In 1978, because of his discontent with the Soviet government's control of the music scene, Natochenny applied for and was granted the permission to leave the USSR, which he did in 1978. He went on to receive a gold medal and Second Prize at the 1981 Busoni International Piano Competition in Bolzano, Italy while he was stateless.

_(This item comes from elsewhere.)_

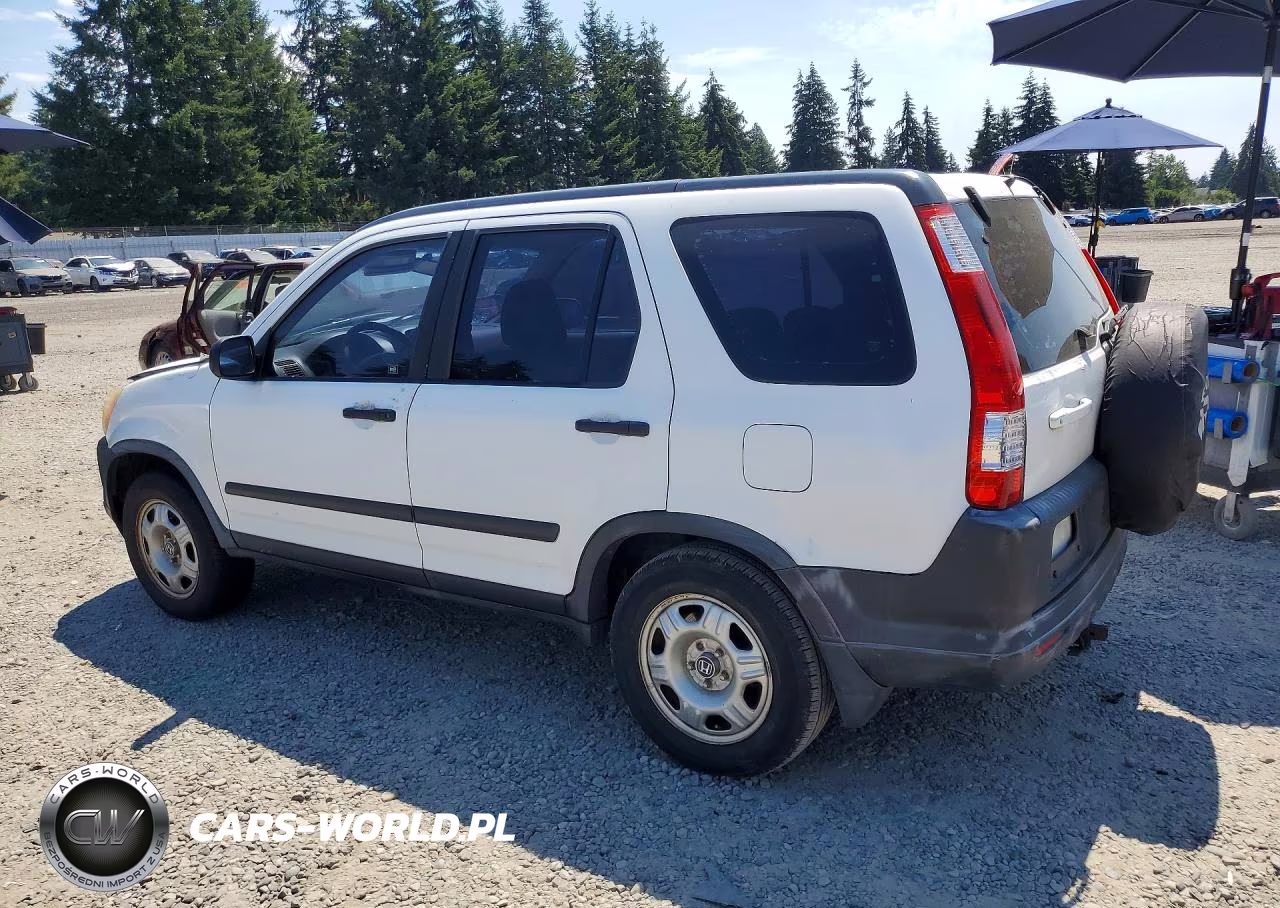 2005 Honda Cr-V Lx VIN:JHLRD78535C048122 - 2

In the West Natochenny had further study with Ania Dorfmann at the Juilliard School. He held teaching positions at the Manhattan School of Music, the Mannes College of Music (The New School) and the City University of New York. He now holds a Lifetime Distinguished Professor Chair at the Frankfurt University of Music and Performing Arts in Frankfurt. From 1988 to 2004 Natochenny was the founder and artistic director of Meranofest International Music Festival in Meran, Italy which built a reputation as "the summer meeting point for young pianists" and in 1995 he was the Member of International Honorary Committee of the Worldwide Dictionary of Music (Editor: Olympia Tolika) of European Art Center of Greece.

Among his students are ECHO Music Award winners Martin Stadtfeld, Fauré Quartet, as well as winners of major international competitions Nami Ejiri, Soyeon Lee, Christopher Park, Evgenia Rubinova, Eugene Choi, Guoda Gedvilaite.

His discography includes a Juno-nominated album of Schubert’s Schwannengesang with Canadian baritone Kevin McMillan. Other noted recordings are selections from Brahms, Schubert, Shostakovich and Schnittke.

Natochenny is an American citizen and lives in New York and in Frankfurt am Main.